WHAT THE TASK REQUIRES.
Print the whole listing below exactly, skipping every picture.

[Opening ENTRIES PROVIDED section]

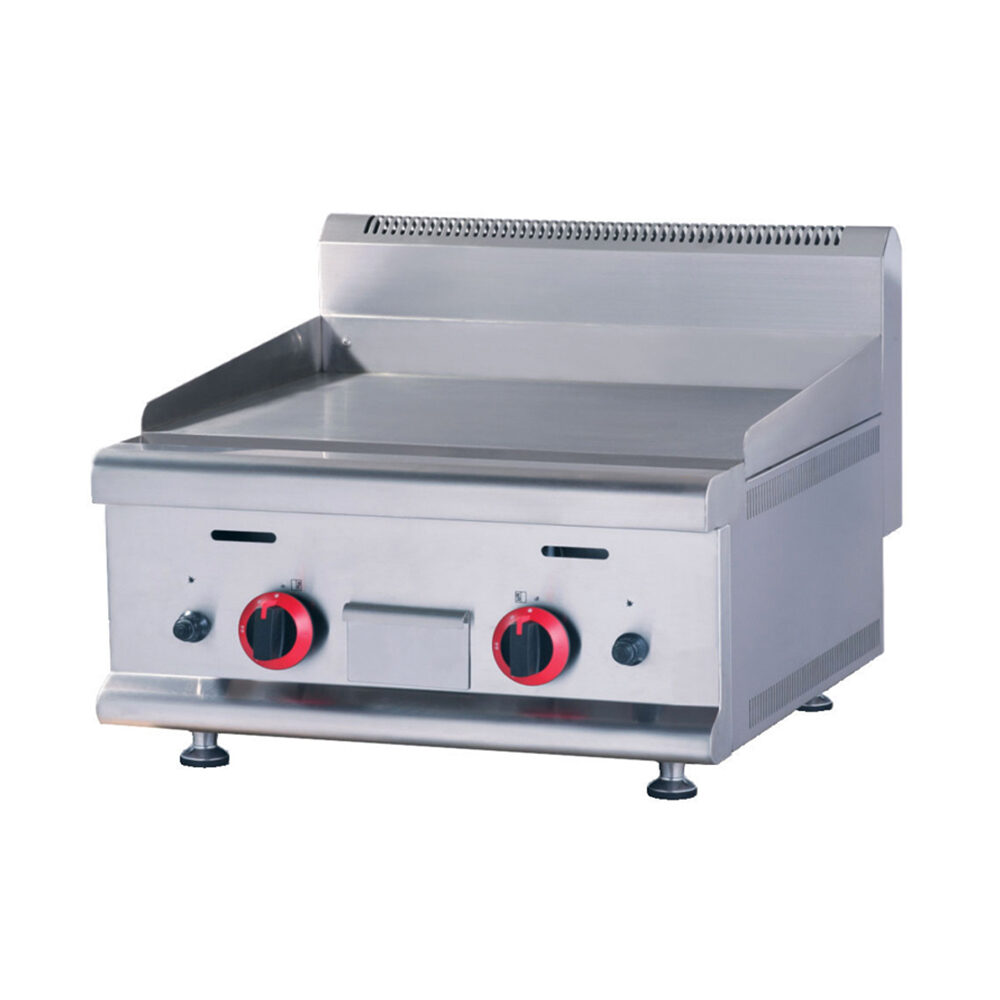 [101195] Plancha Grill Modular a Gas 2 Quemadores 60 cm HGR-606 MIGSA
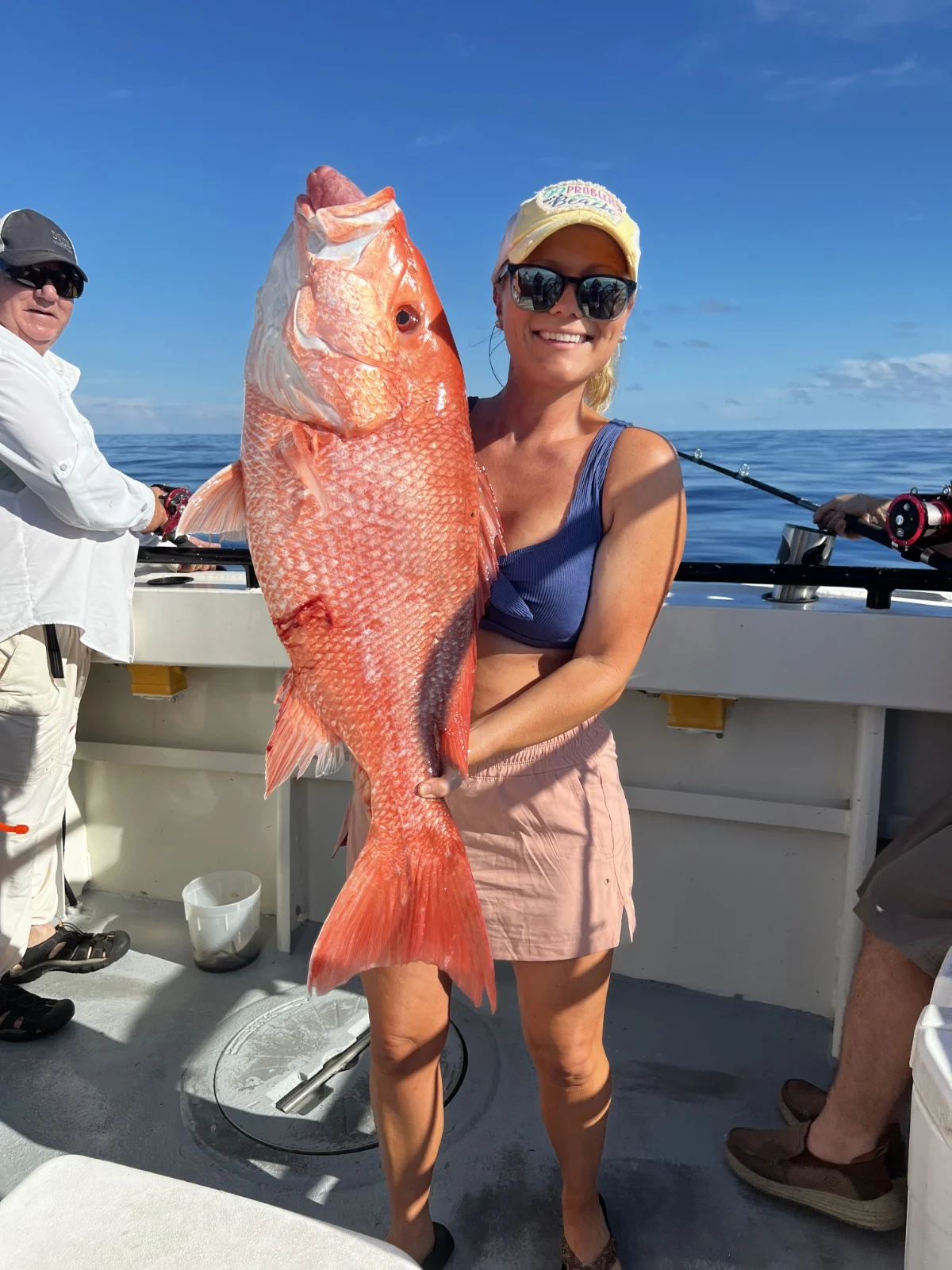 Red Snapper Season, Hubbard's Marina, Deep Sea Fishing, Dolphin Watching  Tours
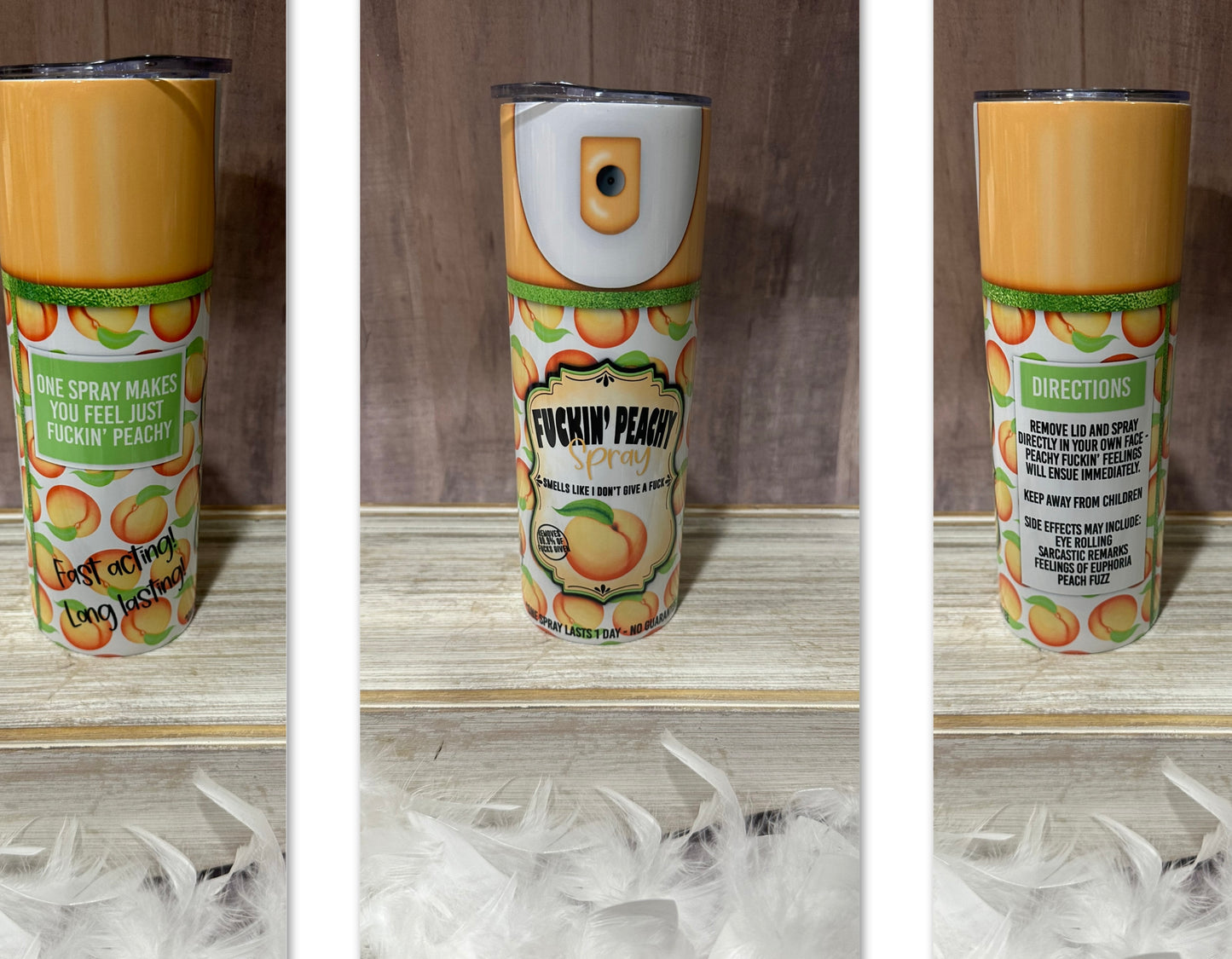 F’n peachy spray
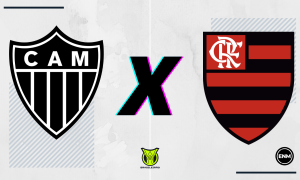Atlético-MG x Flamengo (Arte: ENM)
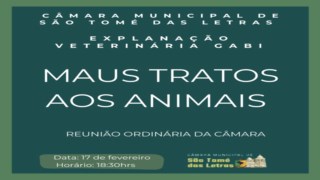 Palestra - Maus Tratos aos Animais Palestra - Maus Tratos aos Animais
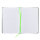 Notizbuch Alien Stay Weird -  160 Seiten, 80 g/m², DIN A5,  mit Strasssteinen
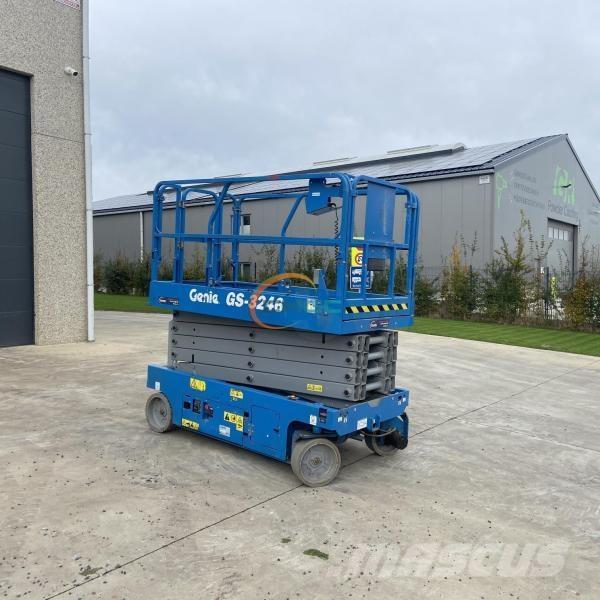 Genie GS-3246 Elevadores braços articulados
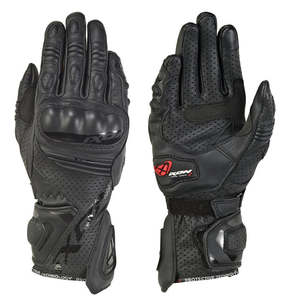IXON RS TEMPO AIR Women Sport Leather Adult Gloves - Black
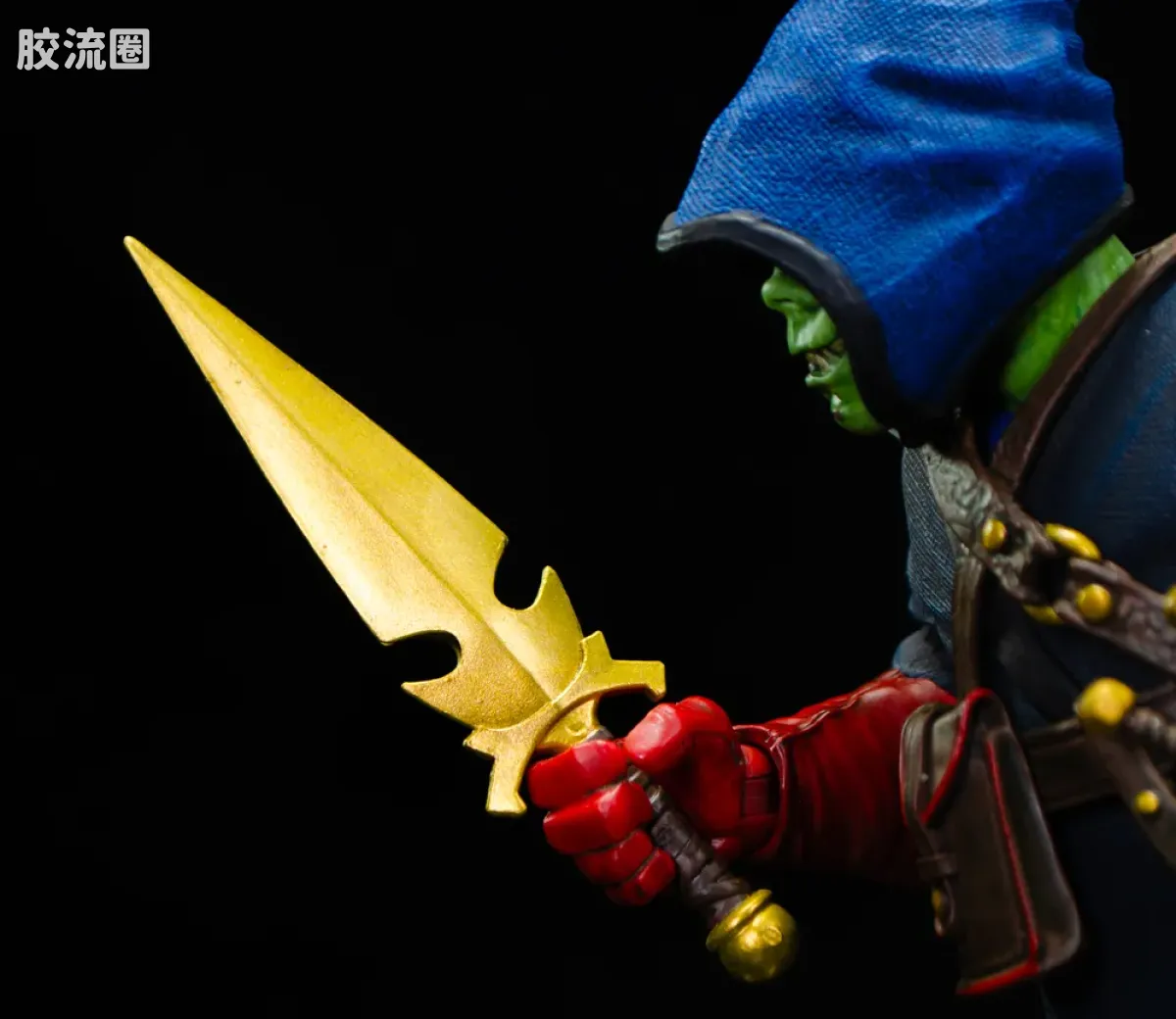 NECA 7寸可动人形系列 终极版/豪华版 游戏系列 龙与地下城 扎拉克 - 图片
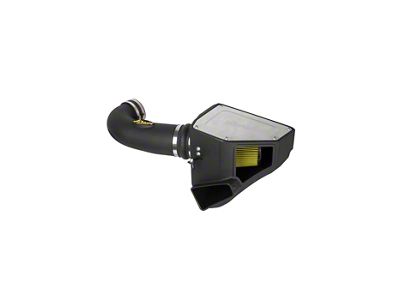 Airaid MXP Series Cold Air Intake with Yellow SynthaFlow Oiled Filter (16-23 Camaro SS)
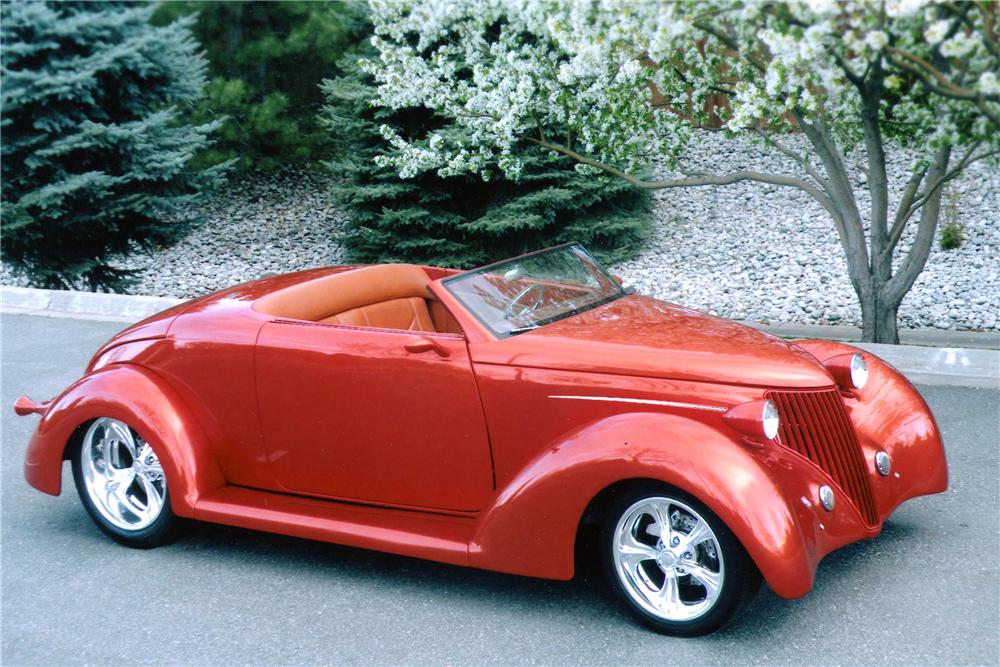 1936 FORD CUSTOM ROADSTER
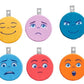 Emotions Faces Floor Cushion Set (10) by HABA Pro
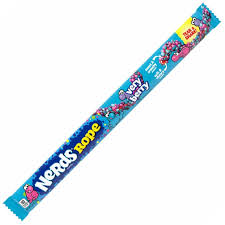 (S1-06) US - Nerds Rope Very Berry 26g x 24 Units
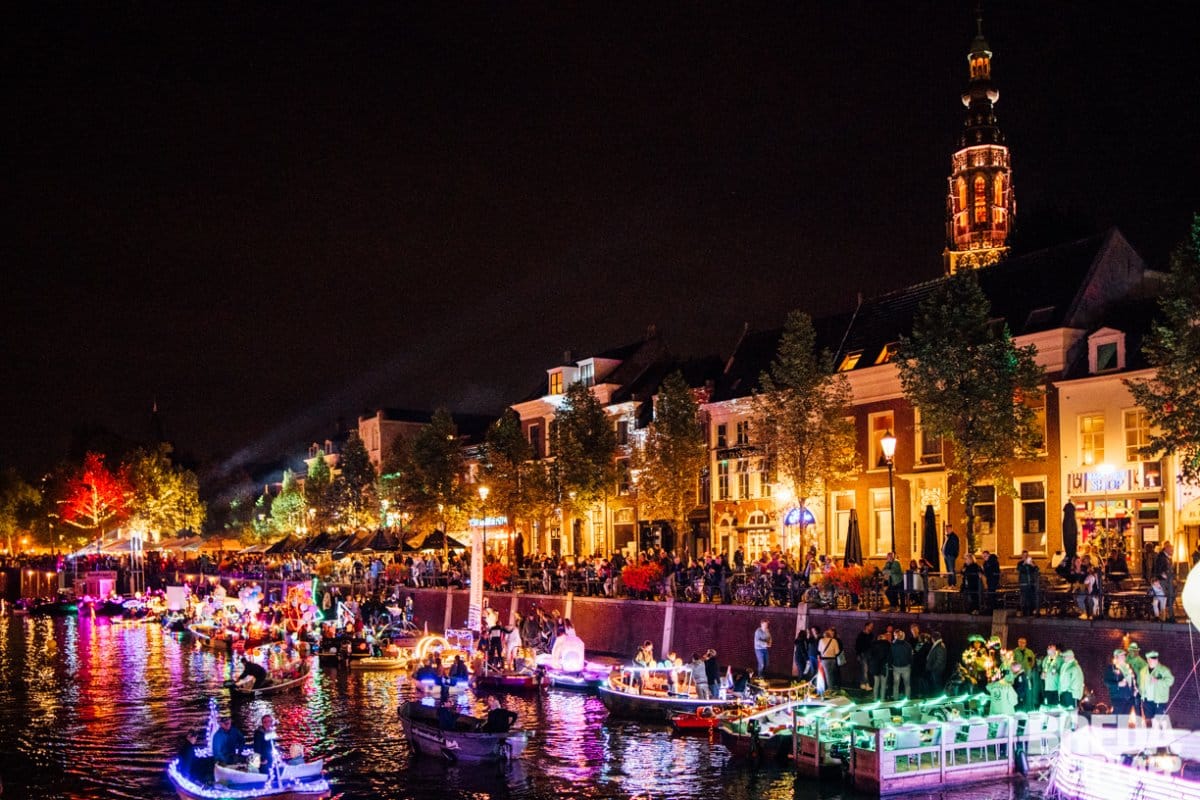 Light boats parade breda 2024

[Closing ENTRIES PROVIDED section]

EXPECTED OUTPUT.
 [101195] Plancha Grill Modular a Gas 2 Quemadores 60 cm HGR-606 MIGSA
 Red Snapper Season, Hubbard's Marina, Deep Sea Fishing, Dolphin Watching  Tours
 F’n peachy spray
Atlético-MG x Flamengo (Arte: ENM)
 Palestra - Maus Tratos aos Animais Palestra - Maus Tratos aos Animais
 Notizbuch Alien Stay Weird -  160 Seiten, 80 g/m², DIN A5,  mit Strasssteinen
 Genie GS-3246 Elevadores braços articulados
IXON RS TEMPO AIR Women Sport Leather Adult Gloves - Black
 NECA 7寸可动人形系列 终极版/豪华版 游戏系列 龙与地下城 扎拉克 - 图片
 Airaid MXP Series Cold Air Intake with Yellow SynthaFlow Oiled Filter (16-23 Camaro SS)
 1936 FORD CUSTOM ROADSTER
 Emotions Faces Floor Cushion Set (10) by HABA Pro
 (S1-06) US - Nerds Rope Very Berry 26g x 24 Units
 Light boats parade breda 2024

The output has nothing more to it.